EXERCISE DIRECTIONS: Repeat what the lines below say, word for word, and skip every image.

Caption-style text data
= Beginning of Section =
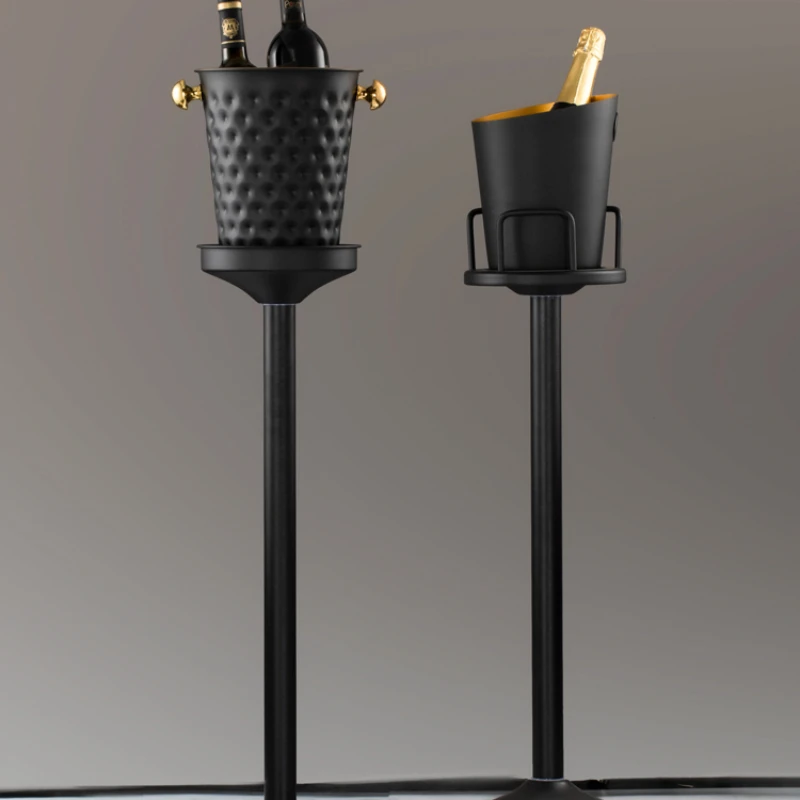 The new floor-to-ceiling champagne bucket bar club ice bucket set thickened ice bucket bracket soft design catering iced wine.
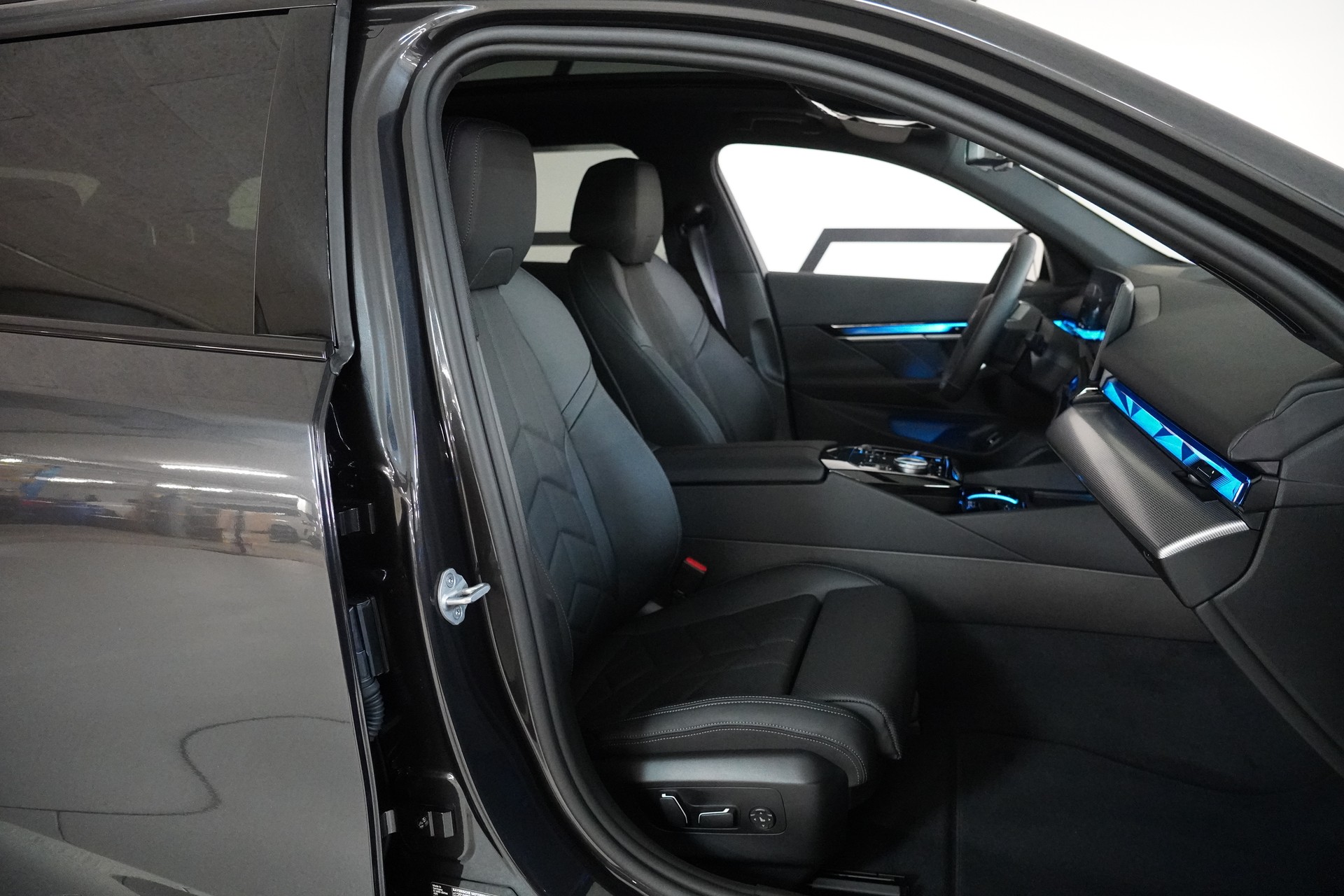 BMW i5 M60 Touring M Sport Pro - 15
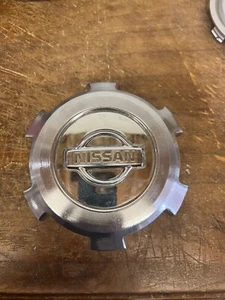 NISSAN CENTER CAP 40315 OW410 K74531 - Picture 1 of 4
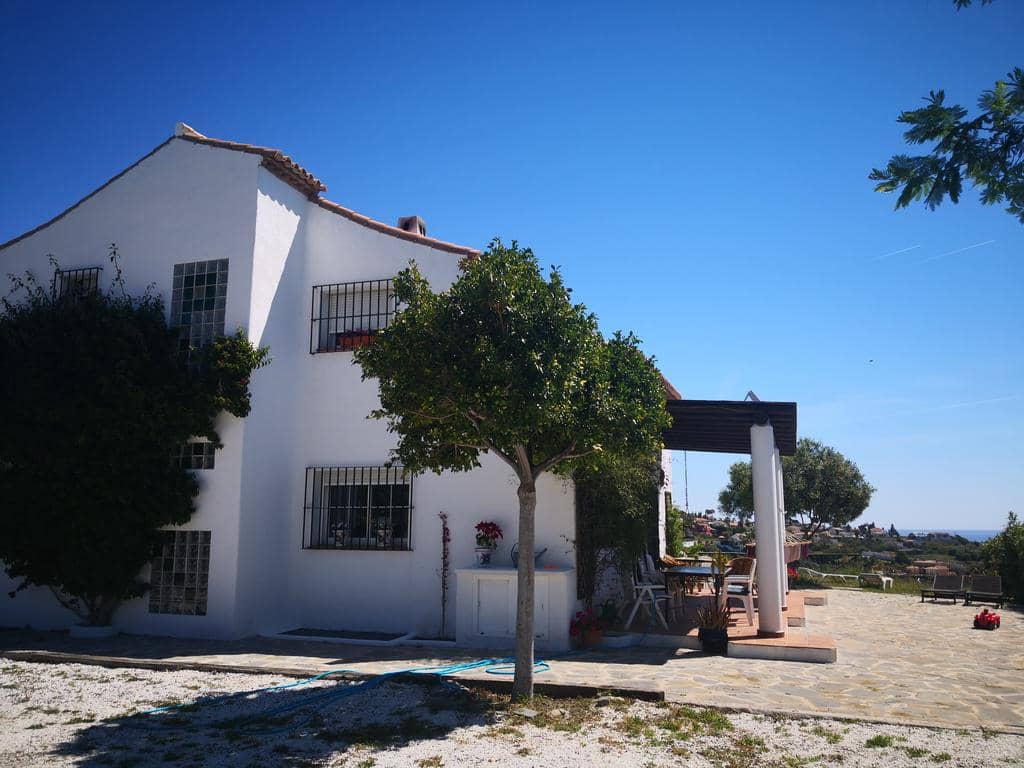 4 slaapkamer Finca/Landhuis te koop in Estepona met zwembad garage - € 1.300.000 (Ref: 9700142)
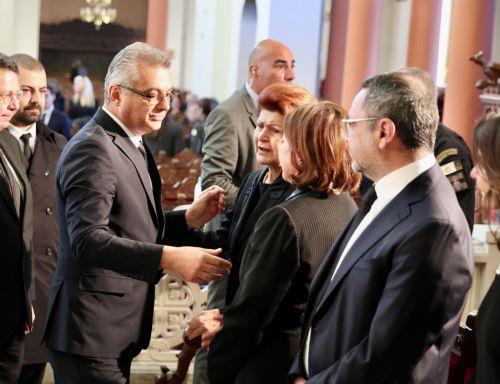 Στην κηδεία του Γ.Βασιλείου για να συλλυπηθούν τους οικείους του οι Έρχιουρμαν και Ταλάτ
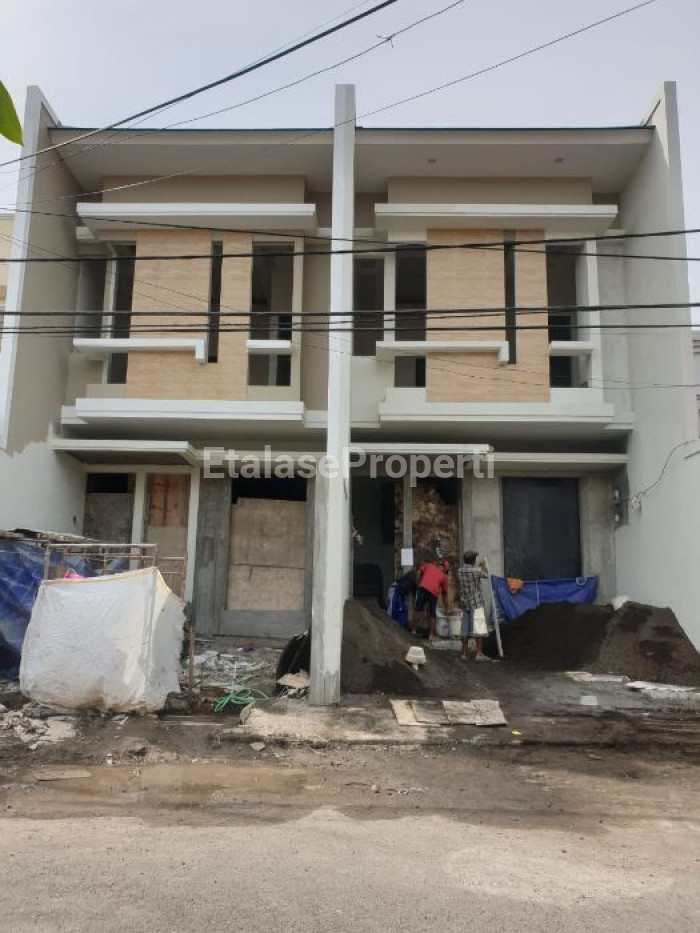 Foto properti Rumah 2 Lantai Nginden Intan Di Surabaya Barat 2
= End of Section =
FINISHED EXERCISE:
 The new floor-to-ceiling champagne bucket bar club ice bucket set thickened ice bucket bracket soft design catering iced wine.
 BMW i5 M60 Touring M Sport Pro - 15
 NISSAN CENTER CAP 40315 OW410 K74531 - Picture 1 of 4
 4 slaapkamer Finca/Landhuis te koop in Estepona met zwembad garage - € 1.300.000 (Ref: 9700142)
 Στην κηδεία του Γ.Βασιλείου για να συλλυπηθούν τους οικείους του οι Έρχιουρμαν και Ταλάτ
 Foto properti Rumah 2 Lantai Nginden Intan Di Surabaya Barat 2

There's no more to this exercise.